Nooit meer slapen was de eerste roman die Hermans uitgaf bij De Bezige Bij. Daarvoor verscheen zijn proza bij G.A. van Oorschot, maar Hermans was ontevreden over het beleid van deze uitgeverij, en dan vooral in relatie tot heruitgaven en zijn eigen vergoeding. De ontevredenheid leidde vanaf 1962 tot een aantal opeenvolgende rechtszaken, die in 1970 werden besloten met een bindende arbitrage.

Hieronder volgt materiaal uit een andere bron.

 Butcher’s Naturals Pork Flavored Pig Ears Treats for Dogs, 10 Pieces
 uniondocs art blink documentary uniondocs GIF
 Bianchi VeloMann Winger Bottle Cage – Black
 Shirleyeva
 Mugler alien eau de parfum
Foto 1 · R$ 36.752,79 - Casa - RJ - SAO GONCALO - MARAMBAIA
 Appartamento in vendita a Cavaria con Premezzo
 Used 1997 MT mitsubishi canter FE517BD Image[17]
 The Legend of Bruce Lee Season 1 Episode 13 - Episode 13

In 2003 verscheen daarover Hierbij de hele God in proef, alle 240 brieven die Geert van Oorschot (1909-1987) tussen 1946 en 1978 aan Hermans schreef. Een jaar later verscheen Hermans’ spiegelboek Je vriendschap is werkelijk onbetaalbaar. Brieven aan Geert van Oorschot, eveneens bezorgd door Nop Maas.

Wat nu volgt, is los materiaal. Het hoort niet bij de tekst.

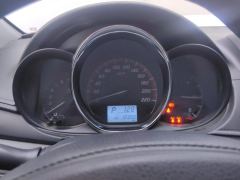 Toyota Vios FS Vichy FS 1.5L CVT Fenchi version - photo 20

Behalve in Hermans’ biografie door Willem Otterspeer (het tweede deel, De zanger van de wrok, 2015) komt Nooit meer slapen ook aan de orde in de correspondentie tussen Hermans en Gerard Reve, Verscheur deze brief! Ik vertel veel te veel (2008) en die tussen Hermans, Rudy Kousbroek en diens echtgenote Ethel Portnoy, Machines en emoties (2009).